A perfectly paced procedural (the suffocating length of the case is captured really well–see the provoking time titles) with a horror aura, as striking cinematography sweeps across bleak and poisoned corporate and natural landscapes and with each new shocking discovery and small success we see more of the central monster. Hathaway’s Sarah veers occasionally into generic wife character territory but is fortunately given a few notable dialogues that flesh her out a bit. Well scored and acted.
To become the greatest band of all time, two slacker, wannabe-rockers set out on a quest to steal a legendary guitar pick that gives its holders incredible guitar skills, from a maximum security Rock and Roll museum. (IMDb)
There are some moments of good comedy (the subversive take on the “inside all of us/inside your hearts” speech had me in stitches) to go with the entertaining soundtrack (the opening flashback number and the boardwalk jam are highlights), but not enough to distract me from the terrible script that can’t even do the generic underdog story right (where was their triumphant open mic performance?). It’s not boring (fun cameos help), but not every bit lands, and it misses the mark on a grander scale.
As Earth is invaded by alien tripod fighting machines, one family fights for survival. (IMDb)
There are some great set pieces and special effects here that combine with consistently tense action and adventure–spiked with just the right amount of chilling horror–to keep you entertained despite a script that continually raises questions (why didn’t Ray immediately go back to his children when things started happening? Why was Robbie so insistent upon fighting the aliens–and how did he get back?) and disappoints (the neglectful Dad sub-plot doesn’t come to any kind of climax or resolve).
A nun, while comforting a convicted killer on death row, empathizes with both the killer and his victim’s families. (IMDb)

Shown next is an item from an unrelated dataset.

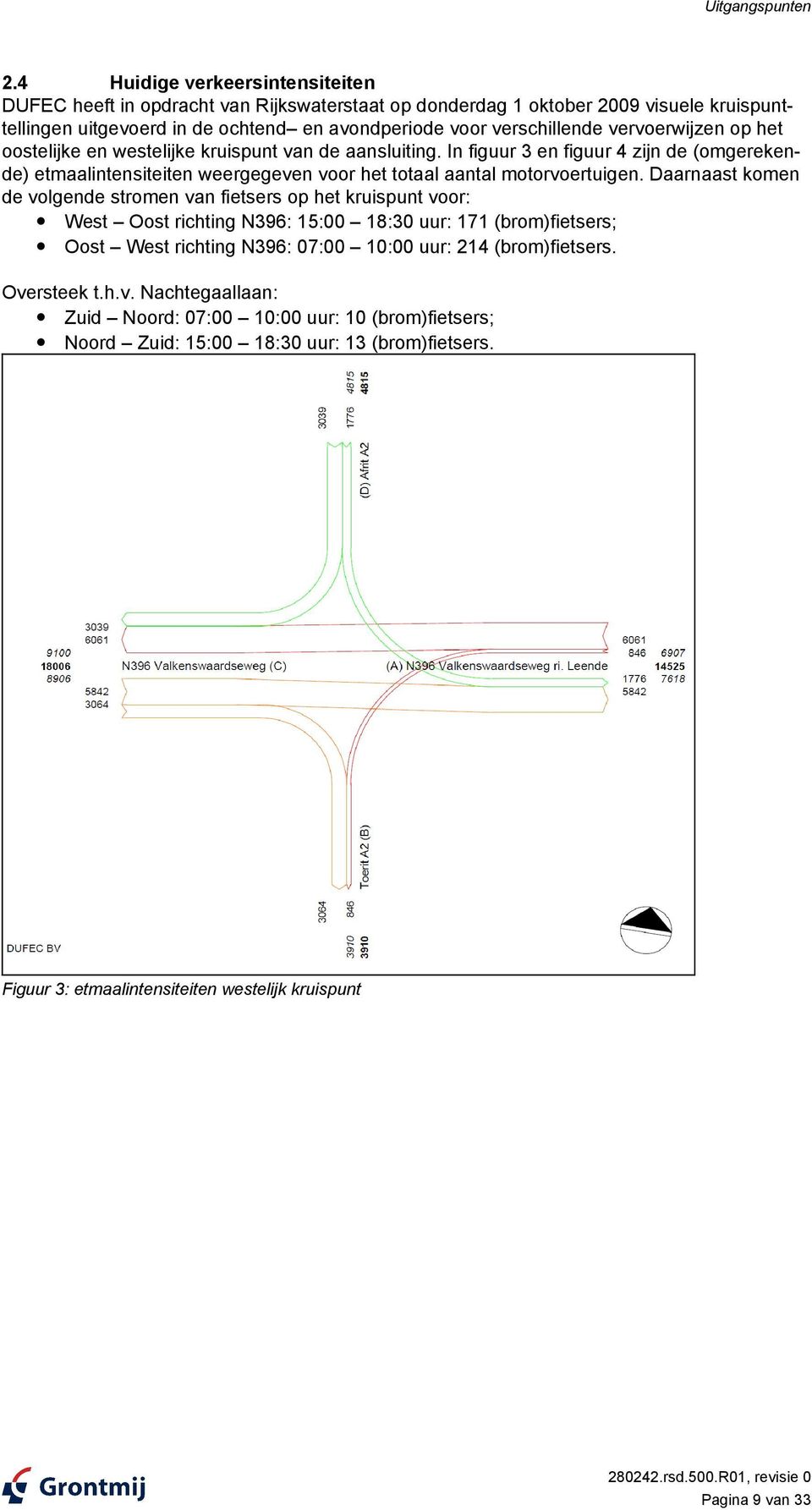 vervoerwijzen op het oostelijke en westelijke kruispunt van de aansluiting. In figuur 3 en figuur 4 zijn de (omgerekende) etmaalintensiteiten weergegeven voor het totaal aantal motorvoertuigen.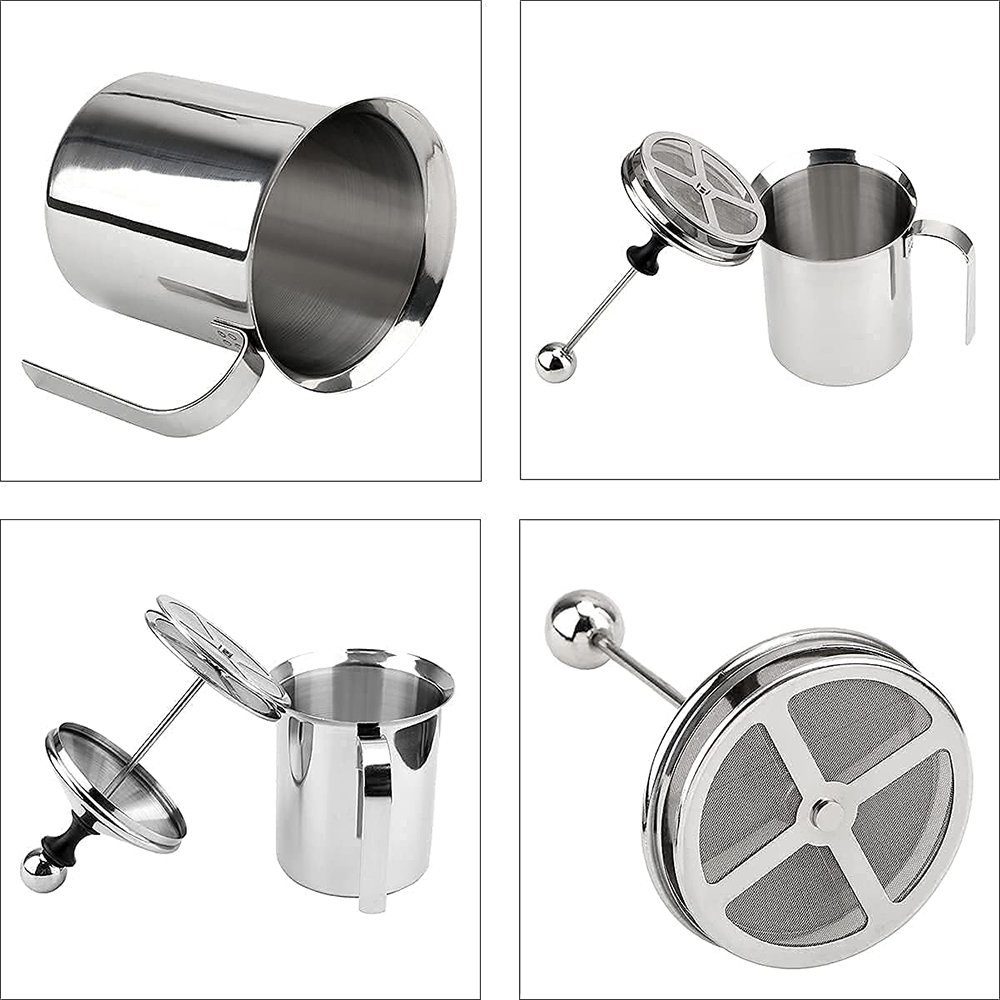 Zimtky Milchaufschäumer Milchaufschäumer Krug, 800ML Edelstahl Manueller Milchaufschäumer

Raw and powerful performances from Penn and Sarandon here present an unlikely relationship between a determined nun and a death row convict that grows to develop heart-wrenching emotional intimacy (see Matthew’s confession and Helen’s outstretched arm in the intense climax). Flashbacks to the crime and scenes with the victims’ and prisoner’s families are added throughout to create a thoughtful and well-rounded (but still moving) study of death, violence, and justice that avoids easy answers.
With a childhood tragedy that overshadowed their lives, three men are reunited by circumstance when one has a family tragedy. (IMDb)
Fantastic turns from Robbins (the troubled childhood victim), Bacon (the steady cop), and Penn in particular (the tough but broken dad) headline this dark-toned, grungy suburbia-set film that fleshes out its tense murder mystery plot with torturous character drama surrounding three old friends brought together by ugly tragedy. The final twist is a little jarring and unconvincing at first but it sinks in with further thought, and its agonizing emotional aftermath solidifies it within the script.
A man begins to suspect his neighbors are not what they appear to be and their secrets could be deadly. (IMDb)
Although it could have built its intensity more gradually, Arlington Road at least does well at maintaining it right up until its refreshingly devastating (if a tad far-fetched) climax, thanks to Bridges’ crazed, slightly over-the-top lead turn and the heavy socio-political content from his lectures that fills in the gaps between the thrilling scenes of his paranoid detective work, his chilling interactions with the subtly creepy Robbins and Cusack, and the final high-octane action sequences.